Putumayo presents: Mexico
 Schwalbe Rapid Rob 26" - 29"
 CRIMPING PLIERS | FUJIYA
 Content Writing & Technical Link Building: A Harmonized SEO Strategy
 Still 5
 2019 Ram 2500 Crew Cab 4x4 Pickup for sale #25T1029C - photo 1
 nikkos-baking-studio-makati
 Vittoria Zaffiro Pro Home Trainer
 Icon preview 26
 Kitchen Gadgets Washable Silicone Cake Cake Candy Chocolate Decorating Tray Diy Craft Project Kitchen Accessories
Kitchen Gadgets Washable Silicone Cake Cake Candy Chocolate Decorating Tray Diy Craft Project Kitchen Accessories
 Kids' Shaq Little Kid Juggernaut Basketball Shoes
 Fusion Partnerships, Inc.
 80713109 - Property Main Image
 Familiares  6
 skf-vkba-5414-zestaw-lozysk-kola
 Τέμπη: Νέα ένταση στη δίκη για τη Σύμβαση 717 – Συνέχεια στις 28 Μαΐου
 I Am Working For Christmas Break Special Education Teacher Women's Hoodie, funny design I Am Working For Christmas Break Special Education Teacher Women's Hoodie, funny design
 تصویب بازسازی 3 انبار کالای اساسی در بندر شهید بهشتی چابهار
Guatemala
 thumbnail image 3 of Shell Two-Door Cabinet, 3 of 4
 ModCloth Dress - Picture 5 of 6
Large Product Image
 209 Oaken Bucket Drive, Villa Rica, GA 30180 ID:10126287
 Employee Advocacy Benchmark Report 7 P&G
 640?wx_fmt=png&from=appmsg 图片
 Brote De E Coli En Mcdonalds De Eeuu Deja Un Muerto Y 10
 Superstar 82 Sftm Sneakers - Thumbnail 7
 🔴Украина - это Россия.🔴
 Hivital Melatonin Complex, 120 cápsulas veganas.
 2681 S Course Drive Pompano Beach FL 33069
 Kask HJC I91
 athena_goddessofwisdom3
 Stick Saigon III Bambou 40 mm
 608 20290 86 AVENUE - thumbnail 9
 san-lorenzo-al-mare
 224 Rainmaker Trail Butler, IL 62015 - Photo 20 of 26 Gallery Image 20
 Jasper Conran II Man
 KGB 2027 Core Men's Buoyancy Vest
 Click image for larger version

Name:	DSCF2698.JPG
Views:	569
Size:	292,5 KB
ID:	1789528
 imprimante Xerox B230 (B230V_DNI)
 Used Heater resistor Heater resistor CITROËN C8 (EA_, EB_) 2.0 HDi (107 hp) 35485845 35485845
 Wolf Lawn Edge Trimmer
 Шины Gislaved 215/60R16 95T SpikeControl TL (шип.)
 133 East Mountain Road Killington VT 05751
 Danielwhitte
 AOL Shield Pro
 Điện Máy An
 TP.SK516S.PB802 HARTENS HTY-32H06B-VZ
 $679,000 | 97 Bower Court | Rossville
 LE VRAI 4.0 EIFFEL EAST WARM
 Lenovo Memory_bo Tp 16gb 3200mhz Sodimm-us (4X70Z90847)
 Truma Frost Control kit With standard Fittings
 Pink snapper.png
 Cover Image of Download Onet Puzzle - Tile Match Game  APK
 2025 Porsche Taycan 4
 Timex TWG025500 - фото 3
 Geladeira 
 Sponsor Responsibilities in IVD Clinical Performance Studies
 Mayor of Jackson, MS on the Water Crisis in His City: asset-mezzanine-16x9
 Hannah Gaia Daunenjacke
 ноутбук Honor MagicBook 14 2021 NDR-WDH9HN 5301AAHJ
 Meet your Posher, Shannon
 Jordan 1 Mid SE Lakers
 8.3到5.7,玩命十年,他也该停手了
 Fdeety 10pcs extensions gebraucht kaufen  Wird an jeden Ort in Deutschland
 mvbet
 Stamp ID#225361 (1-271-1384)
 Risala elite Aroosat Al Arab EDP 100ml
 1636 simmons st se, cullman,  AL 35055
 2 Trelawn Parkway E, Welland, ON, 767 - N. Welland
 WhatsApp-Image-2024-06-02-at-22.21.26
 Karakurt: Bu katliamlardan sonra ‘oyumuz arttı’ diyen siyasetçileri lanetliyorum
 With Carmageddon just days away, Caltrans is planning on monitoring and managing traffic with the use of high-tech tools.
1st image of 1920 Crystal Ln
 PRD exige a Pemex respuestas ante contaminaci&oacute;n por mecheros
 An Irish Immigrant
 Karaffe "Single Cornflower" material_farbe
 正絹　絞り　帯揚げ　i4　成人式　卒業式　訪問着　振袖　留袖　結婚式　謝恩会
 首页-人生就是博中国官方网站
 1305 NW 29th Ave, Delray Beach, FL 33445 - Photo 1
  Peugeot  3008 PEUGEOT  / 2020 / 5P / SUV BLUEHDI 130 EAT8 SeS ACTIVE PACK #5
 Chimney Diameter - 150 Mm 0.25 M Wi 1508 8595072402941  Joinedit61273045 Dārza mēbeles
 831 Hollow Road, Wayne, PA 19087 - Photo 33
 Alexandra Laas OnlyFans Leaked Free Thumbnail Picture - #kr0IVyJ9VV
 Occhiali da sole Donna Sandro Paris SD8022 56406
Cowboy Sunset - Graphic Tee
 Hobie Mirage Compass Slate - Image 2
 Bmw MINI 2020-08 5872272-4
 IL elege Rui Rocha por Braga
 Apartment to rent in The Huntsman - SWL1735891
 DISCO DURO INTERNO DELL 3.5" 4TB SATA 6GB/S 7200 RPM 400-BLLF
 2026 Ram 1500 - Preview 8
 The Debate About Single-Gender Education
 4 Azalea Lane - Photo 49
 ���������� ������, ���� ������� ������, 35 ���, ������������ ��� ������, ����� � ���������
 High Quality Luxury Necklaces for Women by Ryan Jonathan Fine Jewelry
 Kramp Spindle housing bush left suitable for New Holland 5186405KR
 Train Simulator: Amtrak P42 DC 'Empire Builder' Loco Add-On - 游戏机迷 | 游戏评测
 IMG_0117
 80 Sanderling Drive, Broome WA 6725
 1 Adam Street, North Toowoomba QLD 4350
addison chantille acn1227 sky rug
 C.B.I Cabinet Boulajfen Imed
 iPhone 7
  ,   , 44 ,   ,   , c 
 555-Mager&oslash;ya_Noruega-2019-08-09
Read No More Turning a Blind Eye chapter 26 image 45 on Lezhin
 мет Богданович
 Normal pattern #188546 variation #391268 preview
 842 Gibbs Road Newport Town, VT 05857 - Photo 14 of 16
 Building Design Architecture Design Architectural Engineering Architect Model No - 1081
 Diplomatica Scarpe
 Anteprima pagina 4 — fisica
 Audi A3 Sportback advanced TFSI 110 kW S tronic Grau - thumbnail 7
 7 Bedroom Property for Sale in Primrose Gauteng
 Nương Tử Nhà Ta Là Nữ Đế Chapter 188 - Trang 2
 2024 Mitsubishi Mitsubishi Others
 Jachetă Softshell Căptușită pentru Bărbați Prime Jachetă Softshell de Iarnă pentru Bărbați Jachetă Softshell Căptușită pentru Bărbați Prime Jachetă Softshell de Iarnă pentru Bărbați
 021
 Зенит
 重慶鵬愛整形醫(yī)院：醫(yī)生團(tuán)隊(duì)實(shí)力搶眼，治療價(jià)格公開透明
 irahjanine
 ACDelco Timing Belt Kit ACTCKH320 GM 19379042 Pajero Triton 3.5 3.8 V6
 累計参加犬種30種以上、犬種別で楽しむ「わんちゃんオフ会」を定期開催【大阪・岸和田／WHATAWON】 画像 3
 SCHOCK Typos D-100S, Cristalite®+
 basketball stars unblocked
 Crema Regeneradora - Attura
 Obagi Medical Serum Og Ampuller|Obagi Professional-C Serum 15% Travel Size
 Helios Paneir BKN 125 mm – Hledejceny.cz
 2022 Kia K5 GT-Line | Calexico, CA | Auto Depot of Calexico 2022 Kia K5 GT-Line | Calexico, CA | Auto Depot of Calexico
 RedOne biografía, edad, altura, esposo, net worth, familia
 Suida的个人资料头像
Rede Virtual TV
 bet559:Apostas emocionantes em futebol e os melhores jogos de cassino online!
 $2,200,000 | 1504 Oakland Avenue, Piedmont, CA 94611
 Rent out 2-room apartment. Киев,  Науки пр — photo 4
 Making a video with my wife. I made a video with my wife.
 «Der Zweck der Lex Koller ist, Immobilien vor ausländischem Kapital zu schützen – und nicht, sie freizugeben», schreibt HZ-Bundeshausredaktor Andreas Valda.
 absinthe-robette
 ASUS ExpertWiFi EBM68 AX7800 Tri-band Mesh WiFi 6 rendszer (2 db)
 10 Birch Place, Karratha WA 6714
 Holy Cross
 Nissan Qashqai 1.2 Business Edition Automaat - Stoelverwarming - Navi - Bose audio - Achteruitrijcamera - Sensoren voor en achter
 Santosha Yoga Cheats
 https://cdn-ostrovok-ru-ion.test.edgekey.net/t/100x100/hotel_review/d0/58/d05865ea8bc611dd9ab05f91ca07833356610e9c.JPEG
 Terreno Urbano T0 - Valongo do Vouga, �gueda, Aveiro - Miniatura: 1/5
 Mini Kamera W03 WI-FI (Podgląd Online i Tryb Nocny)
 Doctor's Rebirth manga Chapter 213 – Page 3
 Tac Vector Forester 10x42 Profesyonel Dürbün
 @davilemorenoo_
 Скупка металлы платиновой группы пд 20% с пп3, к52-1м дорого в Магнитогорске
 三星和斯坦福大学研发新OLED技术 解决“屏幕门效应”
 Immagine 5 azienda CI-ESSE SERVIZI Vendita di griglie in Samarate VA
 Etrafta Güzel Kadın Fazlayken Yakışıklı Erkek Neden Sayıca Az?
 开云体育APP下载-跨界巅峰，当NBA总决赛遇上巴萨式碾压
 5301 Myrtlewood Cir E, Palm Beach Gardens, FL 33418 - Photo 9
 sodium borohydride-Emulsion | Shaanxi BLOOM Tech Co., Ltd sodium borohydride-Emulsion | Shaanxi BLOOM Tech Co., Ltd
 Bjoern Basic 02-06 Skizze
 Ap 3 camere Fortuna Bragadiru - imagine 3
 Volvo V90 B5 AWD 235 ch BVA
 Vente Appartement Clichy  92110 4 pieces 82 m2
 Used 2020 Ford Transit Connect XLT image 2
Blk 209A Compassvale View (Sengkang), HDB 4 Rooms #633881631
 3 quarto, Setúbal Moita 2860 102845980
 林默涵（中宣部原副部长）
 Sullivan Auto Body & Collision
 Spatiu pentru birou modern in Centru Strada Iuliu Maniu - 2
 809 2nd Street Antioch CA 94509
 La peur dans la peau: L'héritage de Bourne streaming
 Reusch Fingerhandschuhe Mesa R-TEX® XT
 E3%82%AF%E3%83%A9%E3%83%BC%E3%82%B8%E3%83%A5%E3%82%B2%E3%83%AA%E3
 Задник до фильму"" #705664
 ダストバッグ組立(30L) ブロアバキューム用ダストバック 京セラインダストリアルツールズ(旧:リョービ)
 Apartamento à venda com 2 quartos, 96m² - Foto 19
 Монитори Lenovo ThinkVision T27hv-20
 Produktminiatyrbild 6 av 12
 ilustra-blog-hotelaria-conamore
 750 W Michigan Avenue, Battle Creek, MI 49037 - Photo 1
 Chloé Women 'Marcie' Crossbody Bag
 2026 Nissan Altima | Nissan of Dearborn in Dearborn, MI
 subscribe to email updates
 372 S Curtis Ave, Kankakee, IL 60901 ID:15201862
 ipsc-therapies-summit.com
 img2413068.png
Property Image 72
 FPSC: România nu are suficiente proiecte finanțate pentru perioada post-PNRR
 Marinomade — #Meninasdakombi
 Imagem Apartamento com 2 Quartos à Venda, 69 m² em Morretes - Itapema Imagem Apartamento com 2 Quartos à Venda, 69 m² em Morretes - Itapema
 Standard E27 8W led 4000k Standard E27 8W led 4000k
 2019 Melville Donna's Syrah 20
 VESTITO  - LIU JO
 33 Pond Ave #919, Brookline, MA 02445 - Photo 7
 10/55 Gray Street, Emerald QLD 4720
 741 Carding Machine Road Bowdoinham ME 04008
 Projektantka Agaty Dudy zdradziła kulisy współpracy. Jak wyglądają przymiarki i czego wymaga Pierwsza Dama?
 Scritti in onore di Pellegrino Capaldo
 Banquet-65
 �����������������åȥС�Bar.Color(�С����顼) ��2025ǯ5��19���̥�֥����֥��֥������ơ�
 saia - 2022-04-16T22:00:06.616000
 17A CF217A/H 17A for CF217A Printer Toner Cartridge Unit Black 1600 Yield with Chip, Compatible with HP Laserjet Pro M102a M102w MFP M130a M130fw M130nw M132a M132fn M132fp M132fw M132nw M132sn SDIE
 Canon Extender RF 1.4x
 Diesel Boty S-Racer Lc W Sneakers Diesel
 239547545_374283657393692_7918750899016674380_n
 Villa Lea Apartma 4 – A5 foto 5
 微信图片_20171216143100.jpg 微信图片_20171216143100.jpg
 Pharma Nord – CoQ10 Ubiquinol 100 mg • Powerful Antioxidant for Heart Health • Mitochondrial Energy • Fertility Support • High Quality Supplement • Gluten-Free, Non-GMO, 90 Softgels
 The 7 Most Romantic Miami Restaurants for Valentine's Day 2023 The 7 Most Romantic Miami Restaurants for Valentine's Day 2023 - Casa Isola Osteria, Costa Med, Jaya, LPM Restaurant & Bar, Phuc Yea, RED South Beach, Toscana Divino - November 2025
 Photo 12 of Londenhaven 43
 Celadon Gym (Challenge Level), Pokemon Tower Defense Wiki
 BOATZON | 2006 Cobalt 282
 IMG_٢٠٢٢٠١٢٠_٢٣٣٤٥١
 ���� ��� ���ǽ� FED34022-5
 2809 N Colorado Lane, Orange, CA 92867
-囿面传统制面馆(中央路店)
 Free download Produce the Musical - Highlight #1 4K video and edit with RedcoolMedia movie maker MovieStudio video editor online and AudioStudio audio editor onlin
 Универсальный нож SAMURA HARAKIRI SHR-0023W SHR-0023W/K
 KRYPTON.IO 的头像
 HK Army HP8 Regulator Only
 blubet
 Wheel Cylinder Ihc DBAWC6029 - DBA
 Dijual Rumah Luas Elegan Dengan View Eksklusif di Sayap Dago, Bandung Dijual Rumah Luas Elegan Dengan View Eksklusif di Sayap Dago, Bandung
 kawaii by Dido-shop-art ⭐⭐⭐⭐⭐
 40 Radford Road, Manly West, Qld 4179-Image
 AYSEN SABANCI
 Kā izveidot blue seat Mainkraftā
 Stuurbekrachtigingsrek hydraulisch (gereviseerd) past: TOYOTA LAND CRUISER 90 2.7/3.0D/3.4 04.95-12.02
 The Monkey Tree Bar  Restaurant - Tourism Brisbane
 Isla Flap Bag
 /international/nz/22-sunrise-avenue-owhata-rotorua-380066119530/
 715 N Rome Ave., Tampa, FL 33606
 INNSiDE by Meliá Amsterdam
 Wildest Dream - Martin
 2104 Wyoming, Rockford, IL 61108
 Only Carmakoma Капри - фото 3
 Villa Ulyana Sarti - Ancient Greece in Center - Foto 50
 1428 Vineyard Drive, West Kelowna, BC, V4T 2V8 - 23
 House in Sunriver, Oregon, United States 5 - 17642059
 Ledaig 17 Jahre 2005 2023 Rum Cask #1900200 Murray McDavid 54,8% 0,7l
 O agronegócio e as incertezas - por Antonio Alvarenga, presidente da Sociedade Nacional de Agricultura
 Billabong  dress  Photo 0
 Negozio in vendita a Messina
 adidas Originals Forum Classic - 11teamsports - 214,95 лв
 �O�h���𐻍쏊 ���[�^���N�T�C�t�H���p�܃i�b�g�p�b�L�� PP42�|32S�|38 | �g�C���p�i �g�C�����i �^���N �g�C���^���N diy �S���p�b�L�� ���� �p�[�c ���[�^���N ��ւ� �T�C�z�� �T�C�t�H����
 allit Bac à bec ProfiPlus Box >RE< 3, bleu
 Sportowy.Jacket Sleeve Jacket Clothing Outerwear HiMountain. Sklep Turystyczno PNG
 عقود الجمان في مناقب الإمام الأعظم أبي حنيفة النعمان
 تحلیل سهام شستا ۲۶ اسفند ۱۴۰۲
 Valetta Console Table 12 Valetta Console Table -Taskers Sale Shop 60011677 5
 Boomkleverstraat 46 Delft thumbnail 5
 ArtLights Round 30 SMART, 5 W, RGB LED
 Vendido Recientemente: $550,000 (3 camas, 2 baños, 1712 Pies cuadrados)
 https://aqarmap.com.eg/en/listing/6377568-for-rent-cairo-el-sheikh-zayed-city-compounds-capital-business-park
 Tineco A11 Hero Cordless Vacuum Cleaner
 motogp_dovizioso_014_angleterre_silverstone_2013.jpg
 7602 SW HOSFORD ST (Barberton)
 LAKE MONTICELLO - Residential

_WORK TO BE COMPLETED:_
Each line from the top of the data, up to and including the line that contains "Icon preview 26", should be set down exactly.

_RESULT OF THIS EXERCISE:_
Putumayo presents: Mexico
 Schwalbe Rapid Rob 26" - 29"
 CRIMPING PLIERS | FUJIYA
 Content Writing & Technical Link Building: A Harmonized SEO Strategy
 Still 5
 2019 Ram 2500 Crew Cab 4x4 Pickup for sale #25T1029C - photo 1
 nikkos-baking-studio-makati
 Vittoria Zaffiro Pro Home Trainer
 Icon preview 26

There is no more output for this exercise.